Quite a story. And quite a scene. Apart from the causeway pillars, surrounding them are cliffs, a series of isolated basalt columns known as the Chimney Tops (which were said to be mistaken for the chimneys of nearby Dunluce Castle by the Spanish Armada, so much so the cannons of the Armada fired away at the natural formations in the fog), and strikingly red coastal banks colored by the high iron content in the lava deposits that made the causeway so many centuries ago.
|Polygonal basalt pillars of the Giant's Causeway. Photo by Caomhán Ó Donncha|
Sounds like a great place to visit. Imagine touring the coast of Antrim and--after checking out Dunluce Castle--envision stopping at the Giant's Causeway for a good walk along the coastline, climbing the steps once tread by Fionn himself, gazing out at the sea and looking for the distant shadow of Scotland's shores, all the while listening to the waves and the wind and gulls and thinking of the days when great hulks of men tramped these Celtic isles. Unbeatable. Or so most likely thought until someone got the very original idea of building a luxury golf course and resort only a mile from the entrance to the Giant's Causeway.

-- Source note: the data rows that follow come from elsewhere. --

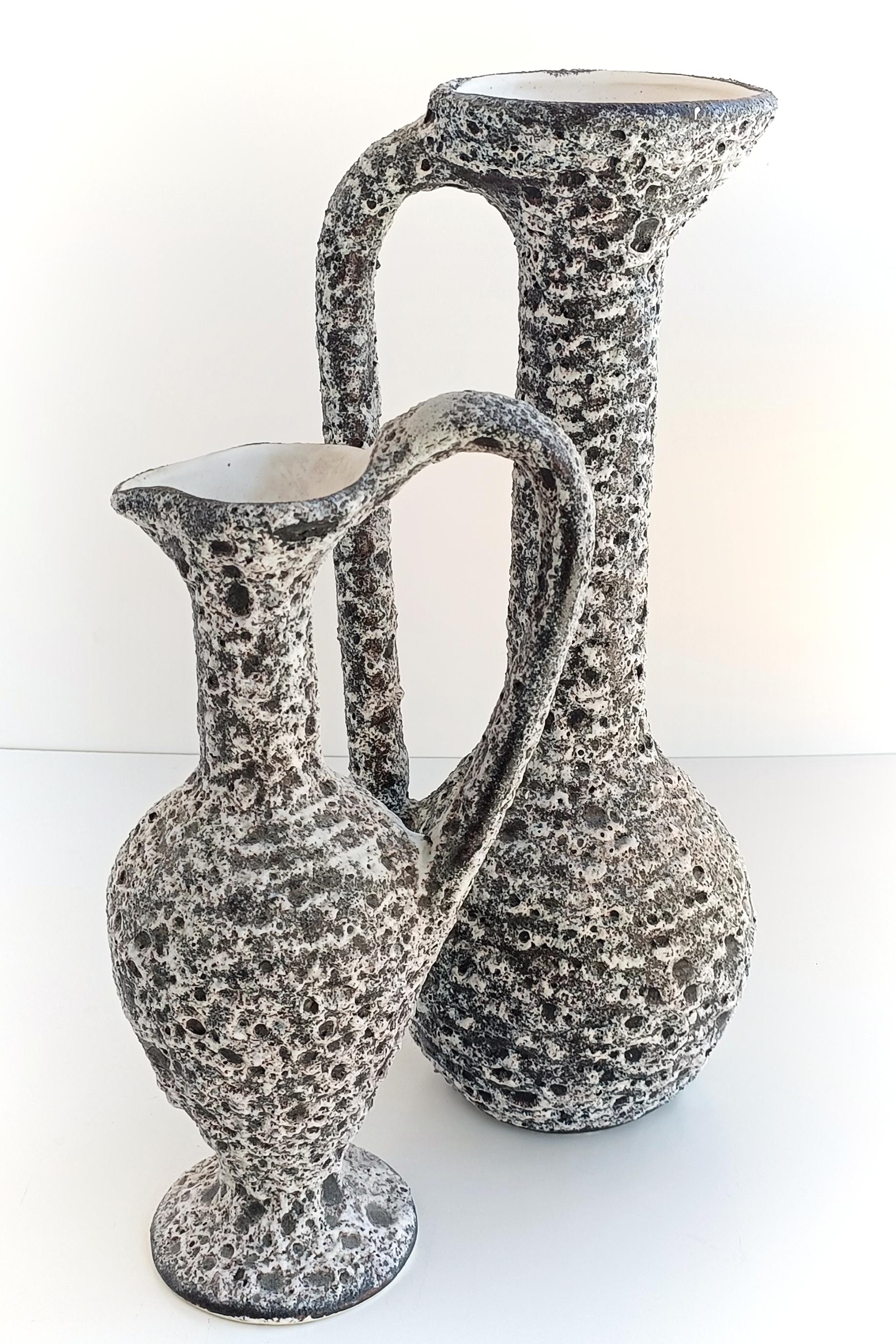 Vintage French Vallauris Set of Two Ceramic Pitchers Signed Alain Rufas, 1960s For Sale 5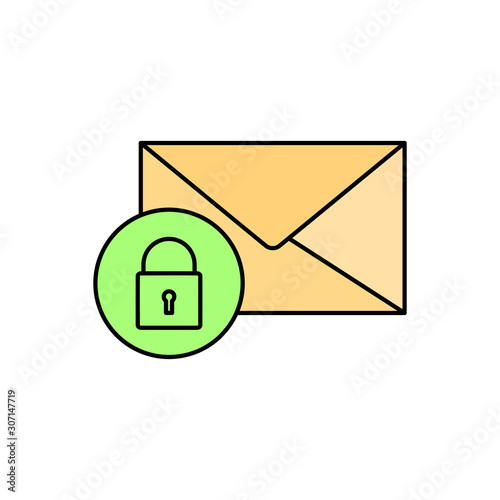 Envelope and lock icon. Concept of email security. Flat illustration. Isolated on white background. 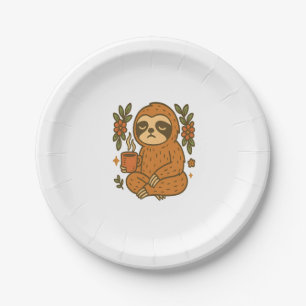 Sloth Playing Guitar Paper Plate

This plan--which encompasses the construction of a 365-acre site featuring not only a golf course but a 120-room hotel, 75 rental cottages, and artificial lighting on surrounding coastal dunes--was approved on February 21st this year by Northern Ireland's environment minister, Alex Attwood. This approval, which took at least a decade to be won, came despite voiced opposition of the project by numerous environmental and cultural heritage groups, including Friends of the Earth Ireland and the National Trust. Attwood and other ministers claim the elite golf complex will bring a big boost to Northern Ireland's economy, and they cite the 300+ jobs that are expected to be created in the construction and opening of the complex (planned for 2014). A tourist magnet, basically. Only thousands of tourists (along with Irish residents) have said they don't want the golf course, in the form of this petition that protests the building of the thing and has exceeded its goal of 5,000 signers.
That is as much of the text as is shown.